In addition, the judge left Dooley and the trustee who was handling trusts under the will, with a legal bill of $900,000 to pay personally. This is over and above the $100,000 Dooley had already paid his own lawyer. I note that when the trustees appealed the costs award to the Ontario Court of Appeal, they received no relief. The Appeal Court said that both Dooley and the other trustee had been "adversarial and unreasonable in refusing to consider offers of settlement that were less than the result obtained and that they took unreasonable positions such as the hiring of a private investigator and claiming costs double those claimed by the respondent following trial." So the costs against them were very much tied to the court's perception of how the trustees behaved. Also, the judge said that since the daughter had won the trial, paying costs out of the estate would be the same as the daughter paying the costs, which wouldn't be fair.

This sounds like one of the nastiest estate fights I have heard of in a long, long time.
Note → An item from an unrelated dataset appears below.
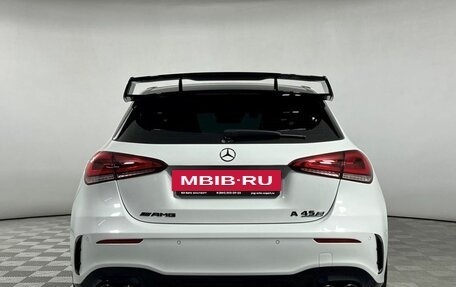 Mercedes-Benz A-Класс AMG, 2020 год, 5 200 000 рублей, 5 фотография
No estate fight is pleasant, but this one involved allegations of everything from bribing witnesses to "the common law wife only being in it for the money".

If you've ever been asked to be an executor, keep this case in mind. Personal liability for executors is real. If you feel you must go ahead with the job and you can sense trouble coming, consider executor's insurance.

To read a more detailed story about this case from The Toronto Star, click here.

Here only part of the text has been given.